Manézim era a maior preocupação dos pais. Já tinha quatro ano o moleque e não falava nada ainda, só ficava quieto no seu canto com os brinquedos. Mas ele tinha um jeito assim estranho de olhar. Mirava nas pessoas os seus oinhos e abria um pouco a boca, como se tivesse bebendo o que falavam. Mas naquele tempo a gente pobre da roça não tinha muito recurso de médico, então o tempo ia passando e Manézim não falava e a família só se preocupava.

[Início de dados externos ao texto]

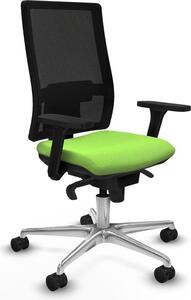 Sedia da ufficio Horna Piqueras y Crespo, modello 3D086N0, colore pistacchio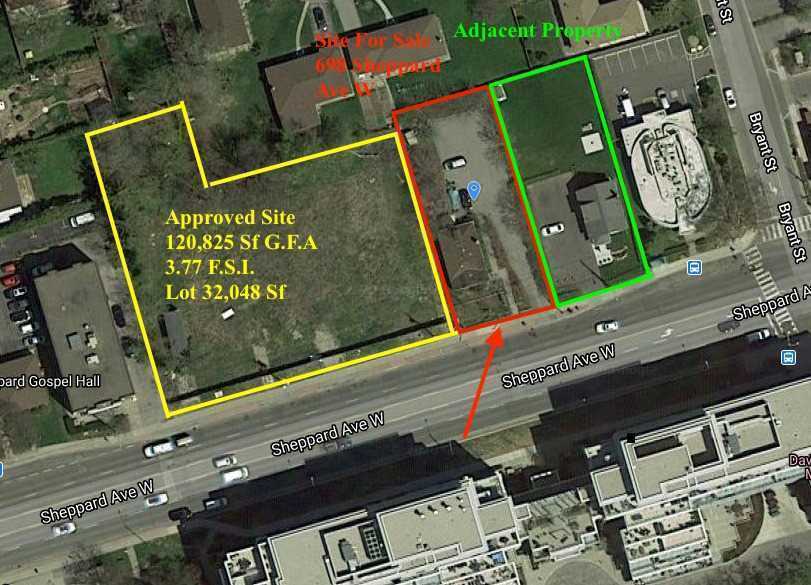 698 Sheppard Ave W, Toronto, ON for sale Primary Photo- Image 1 of 1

Era um dia qualquer, nem feriado nem domingo. Tava todo mundo almoçando em volta da mesa, com se fazia antigamente, antes da televisão. Manézim comia distraído, olhando pros destroços da galinha frita na travessa, talvez pensando que um dia antes a coitada ciscava distraída no quintal. O irmão mais velho, guloso como ele só, já tinha terminado seu prato e pedia mais:
— Mãe, me dá mais dois ovo cozido.
Manézim então, pro espanto da família, interrompeu seu silêncio que vinha desde o nascimento para falar uma palavra solitária:
— “Ovos”.
O pai engasgou com a asa da galinha e a mãe deixou cair o garfo que espetava um ovo. Todo mundo levantou e foi pegar no menino, dizendo:
— Meu filho, ocê falou.
— Olha, Rosa, que o moleque não é retardado não.
— Esse bostinha começa a falar já me corrigindo!
Foi tanto falatório que Manézim foi se encolhendo na cadeira, com os olhinhos arregalados. Até que a mãe, percebendo que ele já tava demorando a falar outra palavra, tratou de provocar:
— Vai, meu filho, fala para mim!
Manézim olhou em volta a família toda reunida espiando o que ele fazia. Pensou e falou:
— Não falo mais.
E mais não falou. Por fim, cansado daquilo tudo, o pai resolveu tomar providências. Vendeu um novilho e foi à cidade levando o garoto para uma consulta com um pediatra. O doutor examinou o garoto durante um bom tempo, mas por fim declarou-se impotente para resolver o problema:
— Acredito que os senhores não tenham muito com que se preocupar. A capacidade cognitiva de seu filho não me parece afetada, ele apenas é lacônico.
— Isso tem cura, doutor.
O médico sorriu, e tentou tranquilizar o preocupado pai.
— Acredito que deve melhorar com o tempo, sem precisar de remédio. Mas ele parece não gostar muito mesmo de falar, embora entenda tudo que dizemos. De toda forma, volte daqui a alguns meses para acompanharmos como vai o menino.
Naquela tarde um arrasado pai chegou em casa, muito preocupado, e trancou-se no quarto com a esposa.
— E então, Manél, o que tem o moleque?
— Parece, Rosa, que nós temos um filho lacônico.
Rosa ficou mortificada. Vários fios de cabelo brancos devem ter nascido em sua cabeça naquela tarde.
— Ó meu Deus! O que vai ser de nosso meninim?
— Temos que ser fortes, Rosa. Pelo menos o doutor falou que melhora com o tempo.